The Big Bang is the root cause of this post.

The Onagawa Reactor Non-Meltdown

On March 11, 2011, the strongest earthquake in Japanese recorded history hit Tohuku, leaving about 15,000 dead. The closest nuclear reactor to the quake’s epicenter was the Onagawa Nuclear Power Station operated by Tohoku Electric Power Company. As a result of the earthquake and subsequent tsunami that destroyed the town of Onagawa, the Onagawa nuclear facility remained intact and shut itself down safely, without incident. The Onagawa nuclear facility was the vicinity’s only safe evacuation destination. Residents of Onagawa left homeless by the natural disasters sought refuge in the facility, where its workers provided food.

The more famous Fukushima nuclear facility was about twice as far from the earthquake’s epicenter. The tsunami at Fukushima was slightly less severe. Fukushimia experienced three core meltdowns, resulting in evacuation of 300,000 people. The findings of the Fukushima Nuclear Accident Independent Investigation Commission have been widely published. They conclude that Fukushima failed to meet the most basic safety requirements, had conducted no valid probabilistic risk assessment, had no provisions for containing damage, and that its regulators operated in a network of corruption, collusion, and nepotism. Kiyoshi Kurokawa, Chairman of the commission stated:

THE EARTHQUAKE AND TSUNAMI of March 11, 2011 were natural disasters of a magnitude that shocked the entire world. Although triggered by these cataclysmic events, the subsequent accident at the Fukushima Daiichi Nuclear Power Plant cannot be regarded as a natural disaster. It was a profoundly manmade disaster – that could and should have been foreseen and prevented.

Only by grasping [the mindset of Japanese bureaucracy] can one understand how Japan’s nuclear industry managed to avoid absorbing the critical lessons learned from Three Mile Island and Chernobyl. It was this mindset that led to the disaster at the Fukushima Daiichi Nuclear Plant.

The consequences of negligence at Fukushima stand out as catastrophic, but the mindset that supported it can be found across Japan.

Despite these findings, the world’s response Fukushima has been much more focused on opposition to nuclear power than on opposition to corrupt regulatory government bodies and the cultures that foster them.

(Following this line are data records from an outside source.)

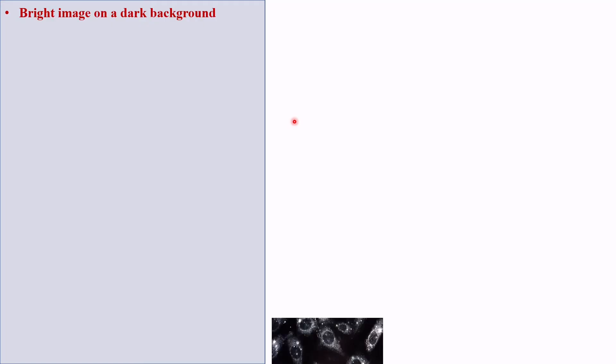A dark field microscope is basically a type of light microscope. It produces a bright image on a dark background — hence the name 'dark field.' This is how it looks: a bright image on a dark background.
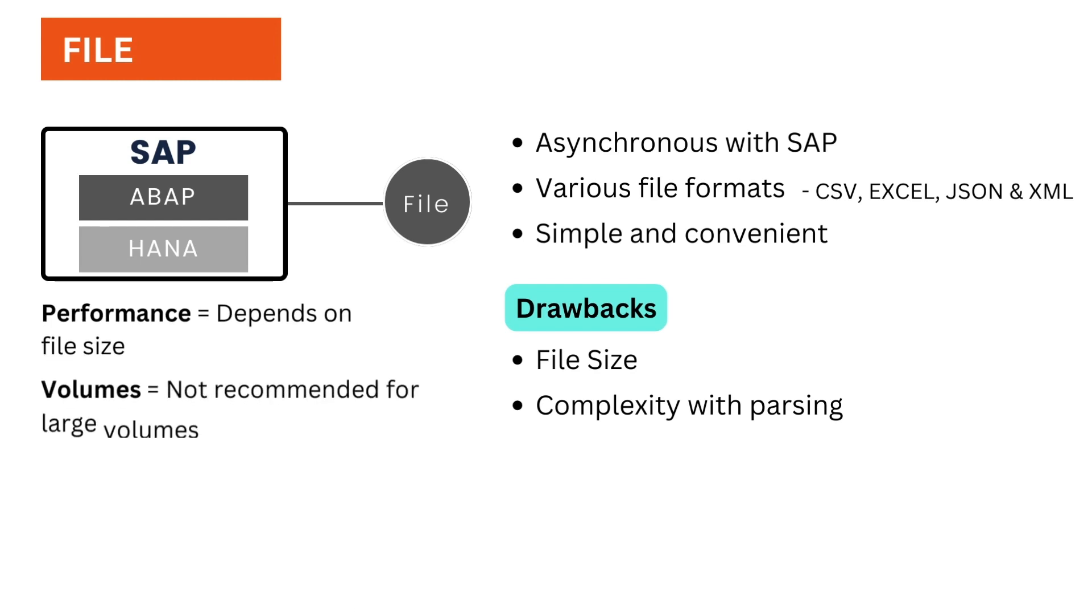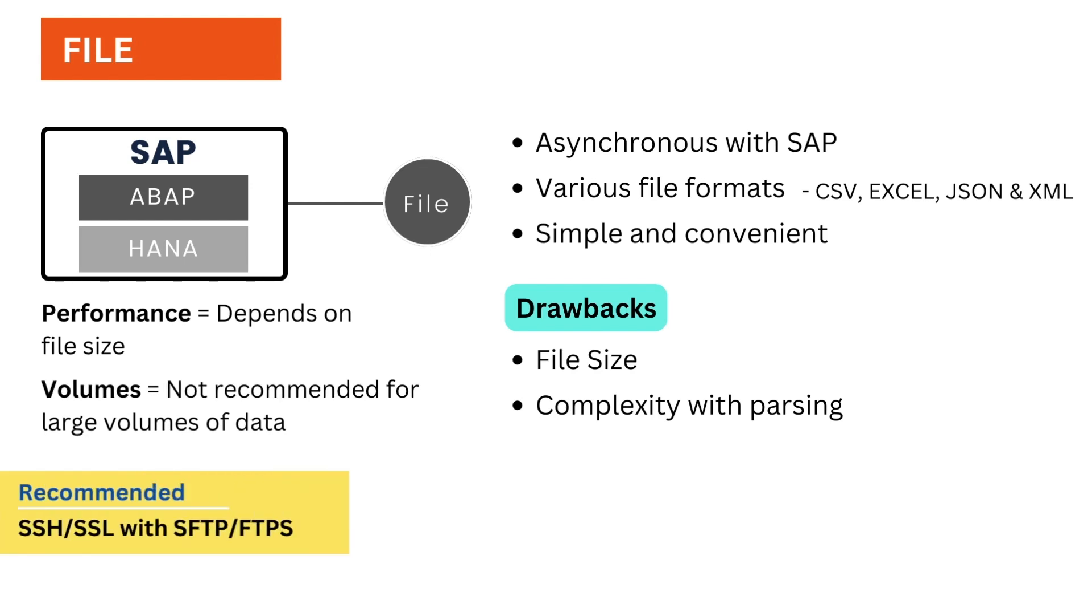And if the file has complex hierarchical structure, they are prone to errors. When dealing with files, I always suggest at least using SSH, SSL encryption via SFTP or FTPS.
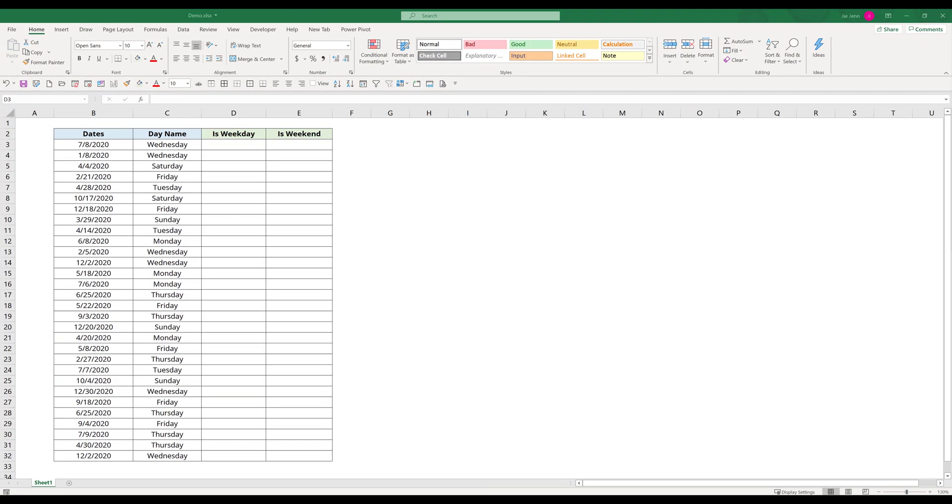Hey, how's it going guys? Welcome to another Excel tutorial video. My name is Jay. In this lesson, I'm going to show you how to determine if a date falls on a weekend or weekday.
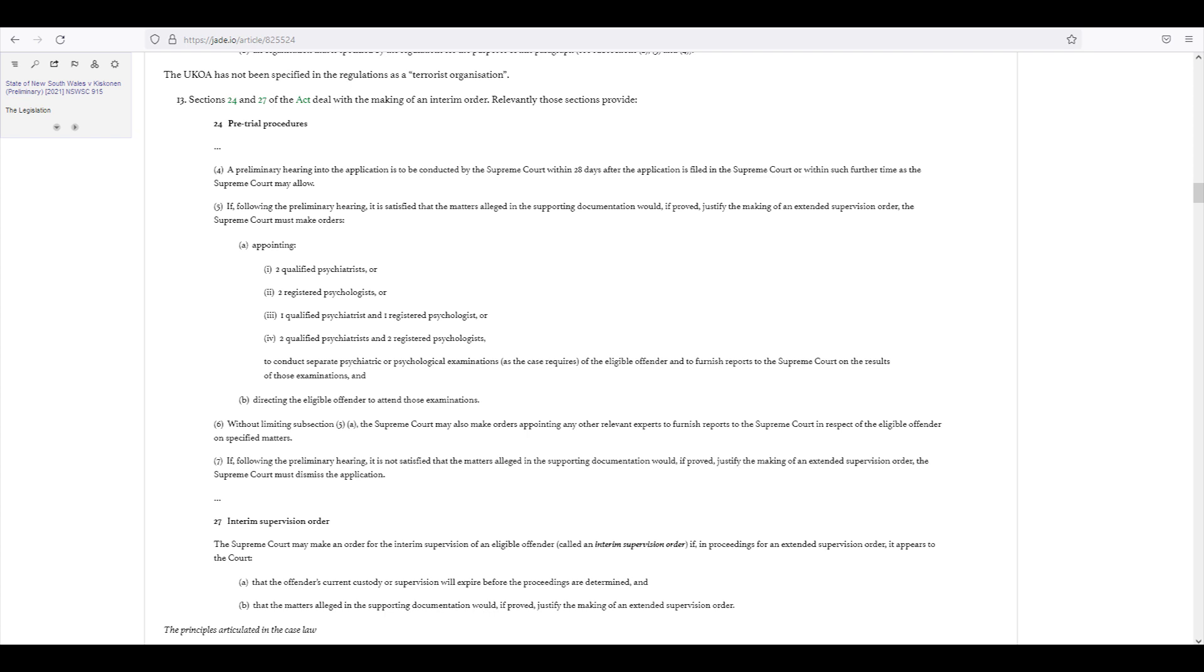This document now lays out foundational legislation that's relied upon for these police applications to be heard in the first place. And we can see how at the very end of a period of detention...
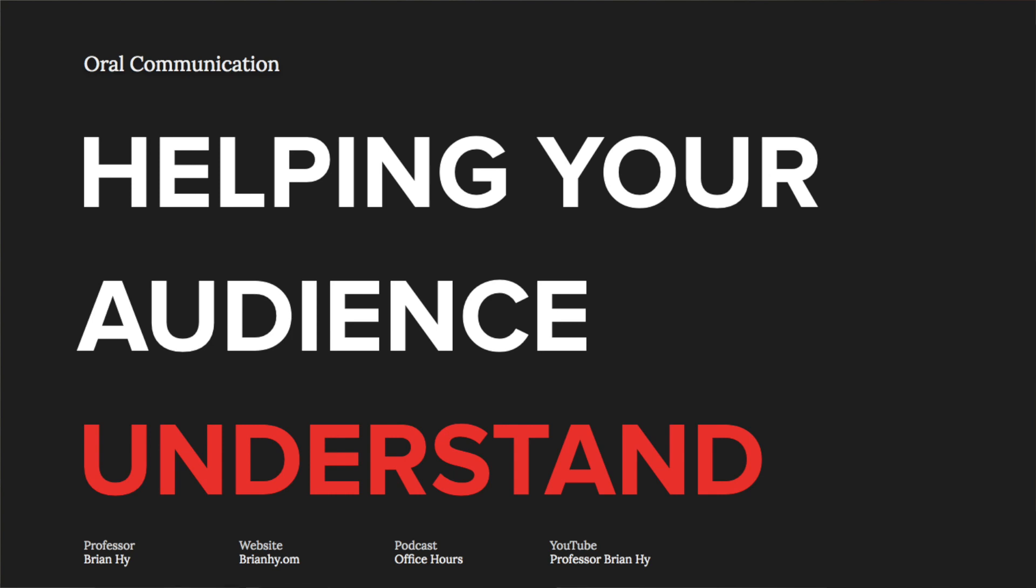Now let's take a look at helping your audience understand. While it may be easy to predict the concepts that meet one of the three criteria - difficult language, difficult to picture, and difficult to believe - enhancing your audience's understanding will require careful explanatory strategies.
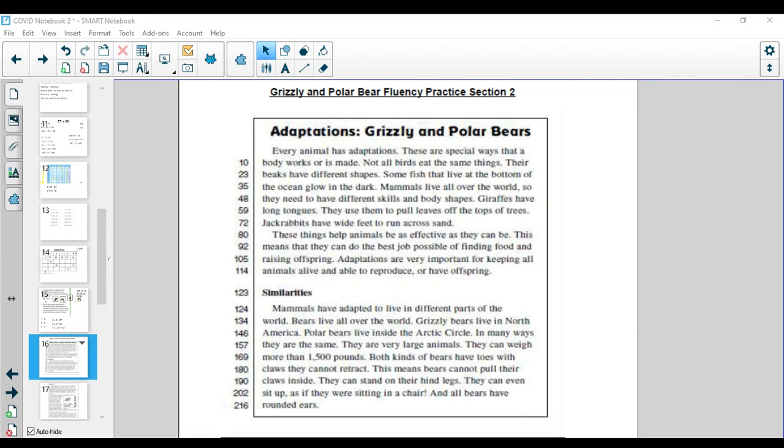Both kinds of bears have toes with claws they cannot retract. This means bears cannot pull their claws inside. They can stand on their hind legs. They can even sit up as if they were sitting in a chair, and all bears have rounded ears.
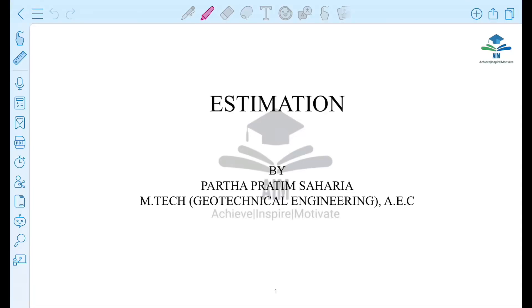Hi everyone! Today I am going to discuss some important questions. There is a lot of PhD preparation. So, I am going to talk about the preparation.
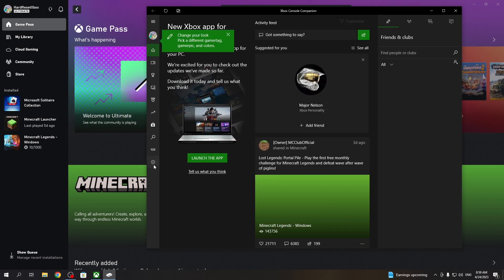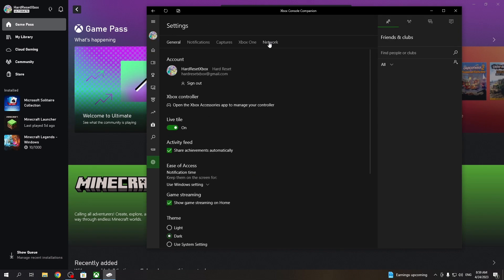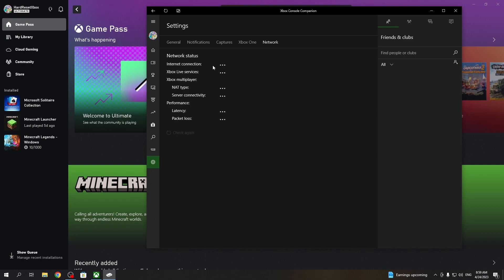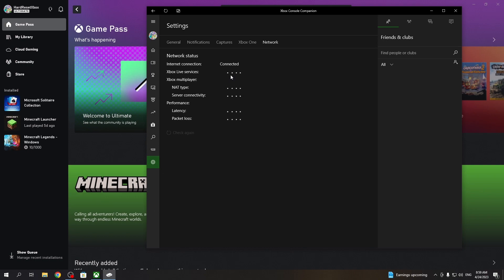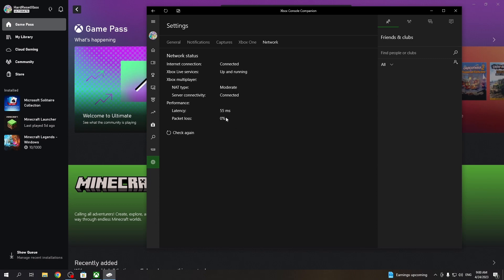Now find the Settings, then choose Network. Wait till all statuses are loaded. Now you can see them all, and that's it for this video. Hope you liked it — please consider subscribing to our channel, leave a like, and a comment below.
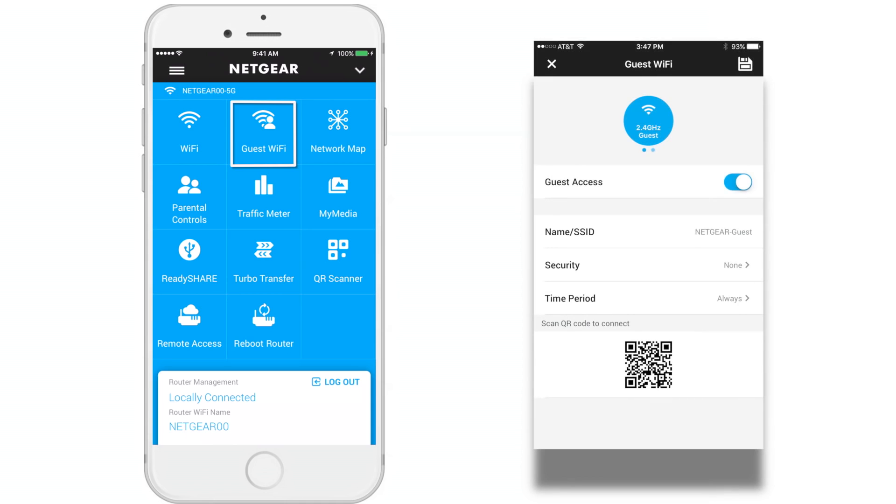Guest WiFi. Here you can create a guest network for your visitors, view, and edit settings.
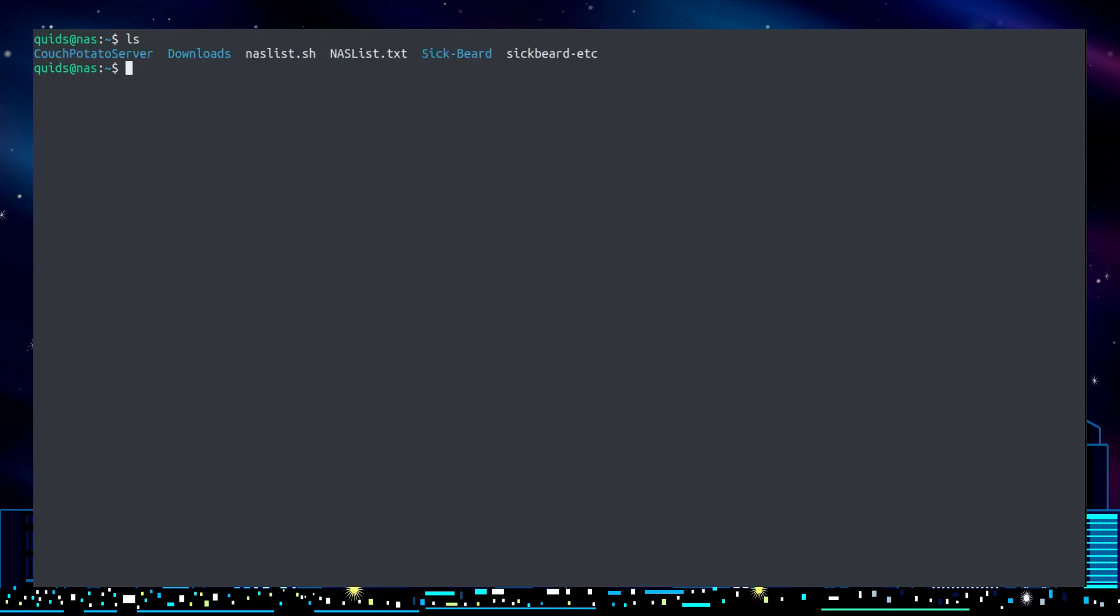Using the command ls - just simply typing ls gives me a basic list of what's here, and that's not particularly useful for what I'm looking for.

Two scholars from USC, Airi Ryu and Najmedin Meshkati, recently published “Why You Haven’t Heard About Onagawa Nuclear Power Station after the Earthquake and Tsunami of March 11, 2011,their examination of the contrasting safety mindsets of TEPCO, the firm operating the Fukushima nuclear plant, and Tohoku Electric Power, the firm operating Onagawa.

Ryu and Meshkati reorted vast differences in personal accountability, leadership values, work environments, and approaches to decision-making. Interestingly, they found even Tohuko Electric to be weak in setting up an environment where concerns could be raised and where an attitude of questioning authority was encouraged. Nevertheless, TEPCO was far inferior to Tohoku Electric in all other safety culture traits.

Their report is worth a read for anyone interested in the value of creating a culture of risk management and the need for regulatory bodies to develop non-adversarial relationships with the industries they oversee, something I discussed in a recent post on risk management.